MATERIAL PROVIDED –
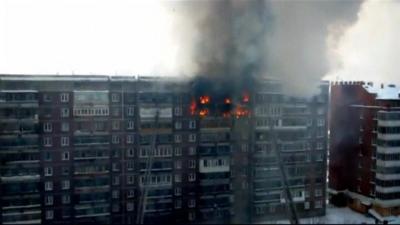 Apartment block on fire in the Siberian city of Tomsk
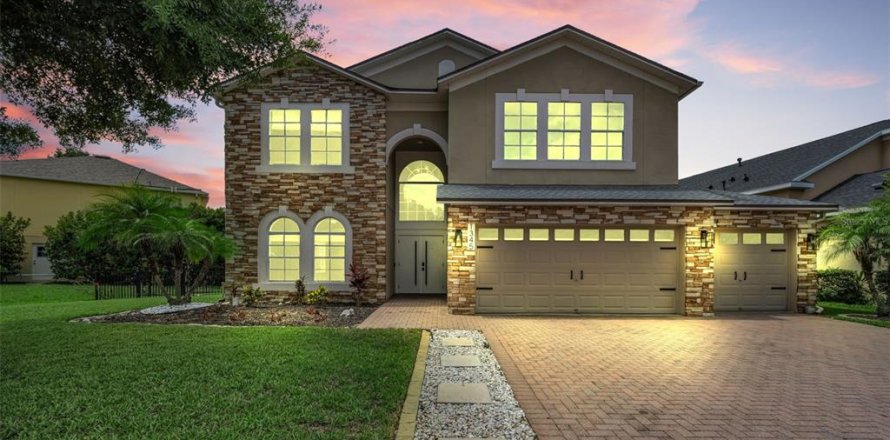 House in Trinity, Florida 5 bedrooms, 316.43 sq.m. № 2157587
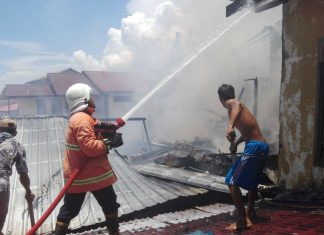 Siang Bolong, 4 Rumah Dilalap Api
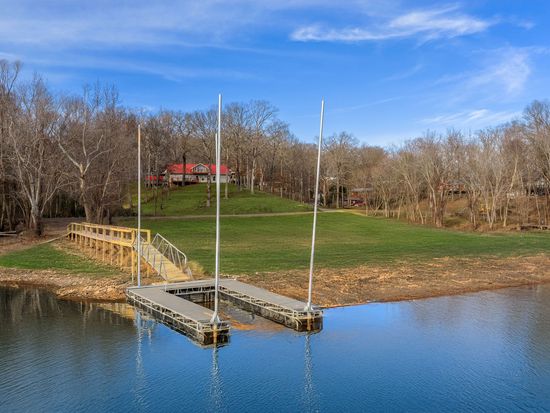 90 Bluff Point Ln, Waverly, TN 37185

ABOUT THIS TASK –
Repeat the material above in full and exactly, omitting the pictures.

YOUR RESPONSE –
 Apartment block on fire in the Siberian city of Tomsk
 House in Trinity, Florida 5 bedrooms, 316.43 sq.m. № 2157587
 Siang Bolong, 4 Rumah Dilalap Api
 90 Bluff Point Ln, Waverly, TN 37185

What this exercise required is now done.